Entendue par les rapporteurs, la fédération Citoyens et Justice qui regroupe 150 associations socio-judiciaires indique que ses membres sont mandatés aussi bien en pré-sentenciel qu'en post-sentenciel. En pré-sentenciel, les associations interviennent tant pour la mise en oeuvre de mesures alternatives aux poursuites telles que les stages, les mesures d'investigation ou les mesures alternatives à la détention provisoire. Une mesure de contrôle judiciaire peut, par exemple, imposer à la personne mise en examen de « se présenter périodiquement aux services, associations habilitées ou autorités désignés par le juge d'instruction ou le juge des libertés et de la détention » 25 ( * ) ou de répondre à leurs convocations 26 ( * ) . En post-sentenciel, les associations socio-judiciaires peuvent participer à la mise en oeuvre des peines alternatives à l'emprisonnement (TIG, peines de stage, détention à domicile sous surveillance électronique... 27 ( * ) ) ou des aménagements de peines d'emprisonnement 28 ( * ) .

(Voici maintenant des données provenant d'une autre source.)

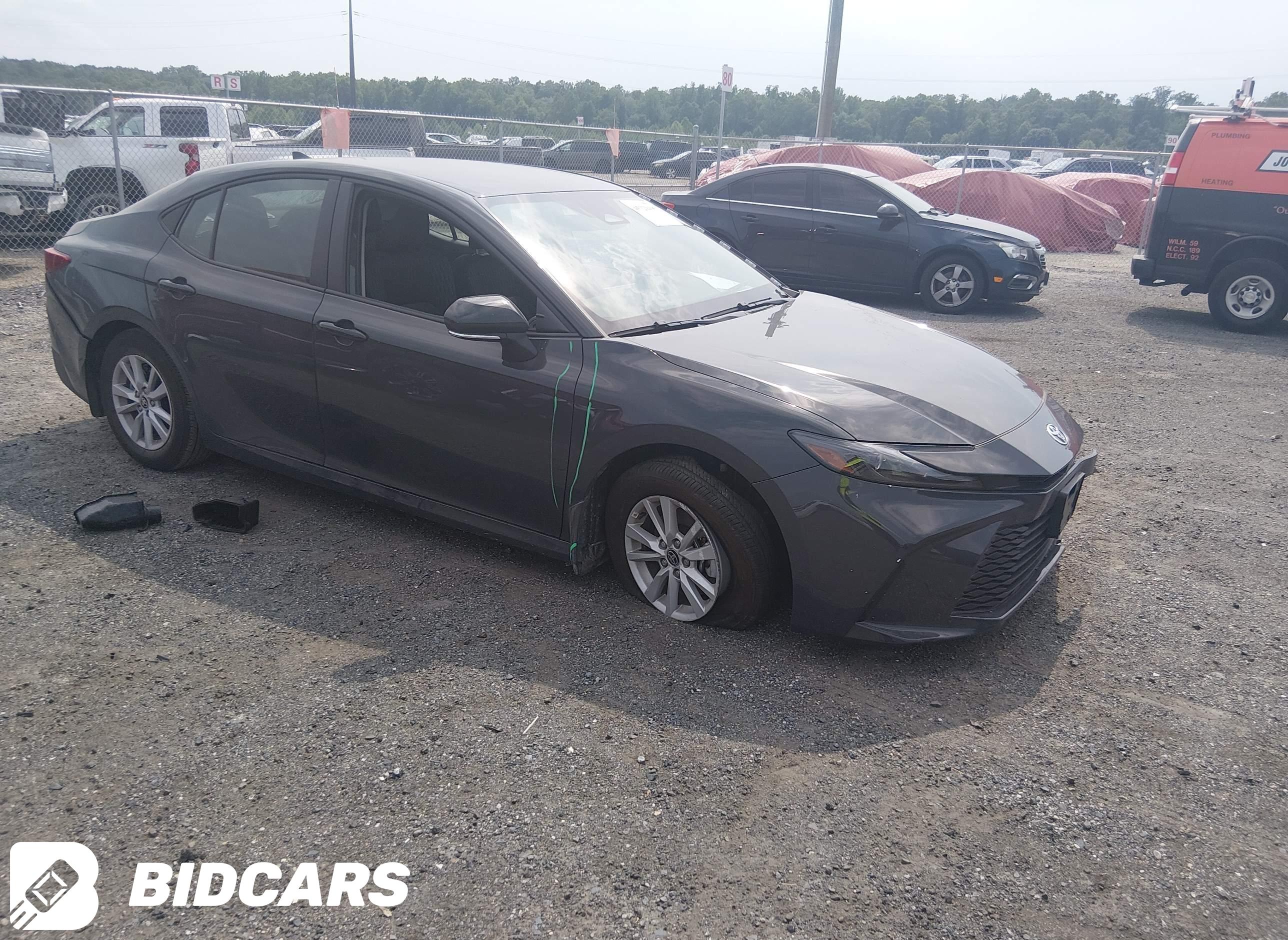 2026 Toyota Camry, LE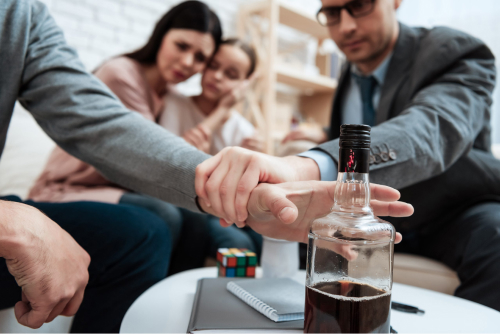 Мужчина тянется к стакану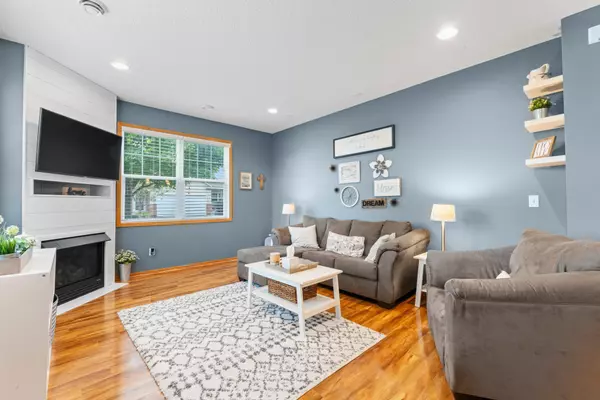 Rochester, MN 55904,278 Emory LN SE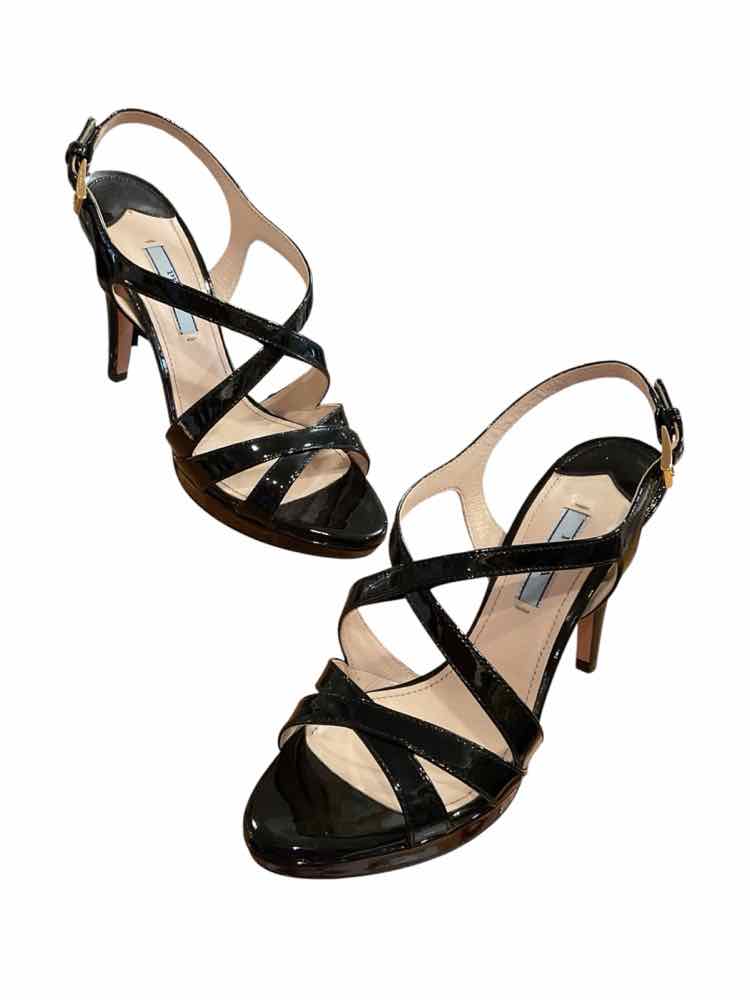 Prada Size 37 black patent Shoes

Historiquement, le secteur associatif est surtout présent sur le pré-sentenciel alors que les SPIP dominent sur le post-sentenciel. La présence des associations sur le pré-sentenciel est souvent expliquée par le manque de moyens des SPIP qui fait obstacle à ce qu'ils puissent assumer concomitamment l'ensemble des tâches. Toutefois, ce constat varie de manière importante localement, en fonction, notamment, de la présence des associations socio-judiciaires sur le territoire 29 ( * ) . Comme le souligne l'UNDPIP, « sur certains territoires, l'associatif vient prendre des parts dans les missions plus traditionnelles du SPIP en assurant le suivi de certaines mesures probatoires (notamment en matière de violences intrafamiliales)» .

Au moment de l'adoption de la LPJ, le ministère de la justice avait pour ambition de repositionner les SPIP sur le pré-sentenciel, et notamment sur la réalisation des enquêtes sociales rapides. Cette réorientation semble avoir été appliquée de manière très inégale sur le territoire au vu des témoignages recueillis par les rapporteurs.

2. La difficulté d'envisager une répartition des tâches uniforme sur l'ensemble du territoire

La cohabitation du secteur associatif et des SPIP incite à s'interroger sur l'opportunité de délimiter plus clairement leurs compétences respectives. Or, les travaux conduits par les rapporteurs montrent qu'aucune ligne de partage consensuelle n'émerge.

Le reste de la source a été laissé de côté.